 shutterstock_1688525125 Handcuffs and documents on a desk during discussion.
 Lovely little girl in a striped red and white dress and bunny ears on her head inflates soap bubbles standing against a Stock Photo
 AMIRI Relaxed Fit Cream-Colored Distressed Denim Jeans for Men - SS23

----------------

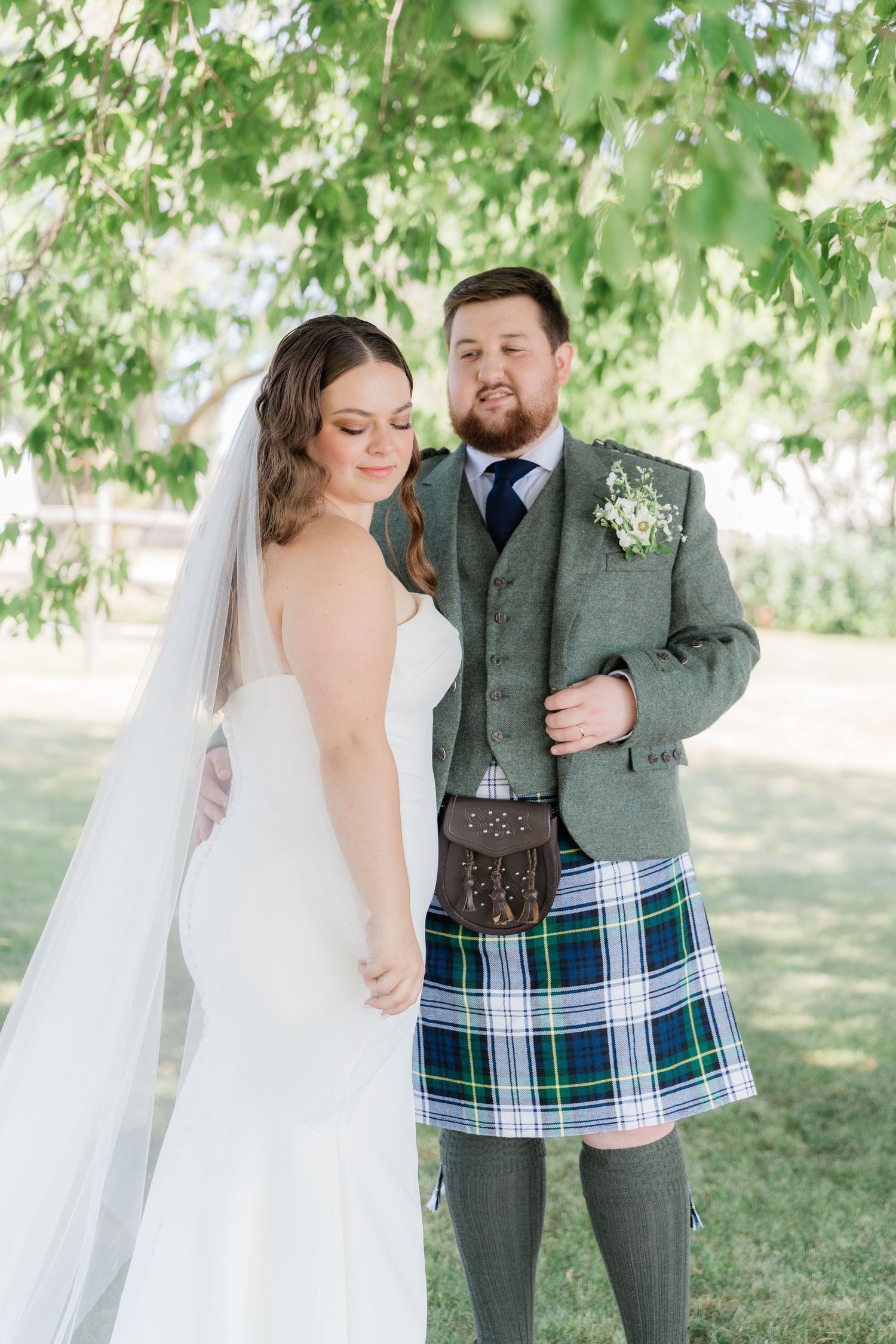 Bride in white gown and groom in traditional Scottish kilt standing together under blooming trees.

----------------

:: EXERCISE AIM ::
Working from the data above, extract solely the lines from the one containing "shutterstock_1688525125 Handcuffs and" through the one containing "AMIRI Relaxed Fit", exactly as they appear, both included.

:: TASK OUTPUT ::
 shutterstock_1688525125 Handcuffs and documents on a desk during discussion.
 Lovely little girl in a striped red and white dress and bunny ears on her head inflates soap bubbles standing against a Stock Photo
 AMIRI Relaxed Fit Cream-Colored Distressed Denim Jeans for Men - SS23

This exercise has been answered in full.